Tibalah hari esok, dan inilah saatnya divisi pendidikan beraksi. Pukul 07.45 WIT kami mulai beranjak ke sekolah. Jam masuk sekolah disana dimulai pukul 08.00 WIT, dengan total murid 50 orang saja. Setibanya disana, kami memulai perkenalan dan memberi permainan untuk mencairkan suasana. Kami ajarkan mereka berhitung, belajar angka dan belajar bahasa inggris. Anak-anak yang bersekolah di SD Warengkris kebanyakan belum menggunakan seragam lengkap, terlebih bersepatu. Tas yang mereka kenakan pun tas yang mereka buat sendiri dari bekas kemasan yang dianyam menjadi sebuah tas. Rasanya menyayat hati, ketika mengingat Indonesia sudah merdeka lebih dari 70 tahun namun pendidikan dan kesejahteraan masyarakat belum merata. Bahkan sekolah dasar Warengkris ini merupakan sekolah dasar yang baru ada sekitar 2 tahun ini.
Sebagian ruang kelasnya belum sempurna dibangun.
Hari kedua, selepas pulang sekolah, kami membantu warga untuk membersihkan tempat wisata Desa Warengkris. Desa Warengkris memiliki sebuah air terjun yang terdapat ditengah hujan.

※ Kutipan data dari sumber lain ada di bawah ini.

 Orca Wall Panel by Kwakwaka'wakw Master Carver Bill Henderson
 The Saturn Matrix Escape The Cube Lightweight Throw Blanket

Sebenarnya, pemerintah setempat sudah menyediakan fasilitas tempat wisata. Namun, kurangnya edukasi kepada masyarakat tentang pengelolaan tempat wisata, membuat tempat tersebut terbengkalai dan tidak terawat. Banyak sekali rumputrumput liar yang tumbuh menghalangi. Tempat loket masuk sudah tertutup oleh semak belukar dan bangunannya sudah tak utuh lagi. Jalanan setapak dari kayu berwarna coklat tua sudah menjadi licin dan rapuh tertutup lumut. Bahkan, daun-daun kering yang berjatuhan sudah sangat melekat dengan papan kayu di jalan setapak itu. Papan kayu yang rapuh, berlumut, pakupaku yang sudah lepas membuat saya berpikir berulang kali untuk berani melewatinya.
Air sungai yang mengalir di dekat air terjun tidak jernih, berwarna coklat kemerahan. Terdengar suara anak-anak bermain di air. Sesampainya di air terjun, ku lihat mereka mandi bersama dan tertawa bersama. Tanpa ada beban, tanpa ada keluh kesah. Ketika anak-anak melihat kedatangan kami, mereka langsung mengajak kami untuk mandi bersama. Mereka pun ada yang sangat antusias mengambilkan kami buah matoa. Mereka tidak keberatan ketika harus mengambil matoa dengan memanjat tebing yang curam dan jatuh berkali-kali. Bagi mereka, itu sebuah kebahagiaan bisa berbagi dengan apa yang mereka punya.
Pemandangannya asri sekali dan sangat kental dengan figur hutan Papua selama ini.
Hari ketiga, giliran saya yang beraksi. Hari ini saya bertugas untuk mendongeng namun tetap berdakwah. Saya mengangkat cerita tentang adab makan dan tentang akhlak. Saya beri nama cerita itu dodo, pohon yang sombong, dan si penggembala kambing yang suka berbohong. Tak lupa saya membawa sebuah boneka tangan saya untuk berdongeng. Bahagia melihat mereka tersenyum senang mendengarkan cerita-cerita saya. Senyum itu pula yang memberikan semangat padaku, bahwa hal kecil yang kita berikan, bisa menjadi momen yang berkesan.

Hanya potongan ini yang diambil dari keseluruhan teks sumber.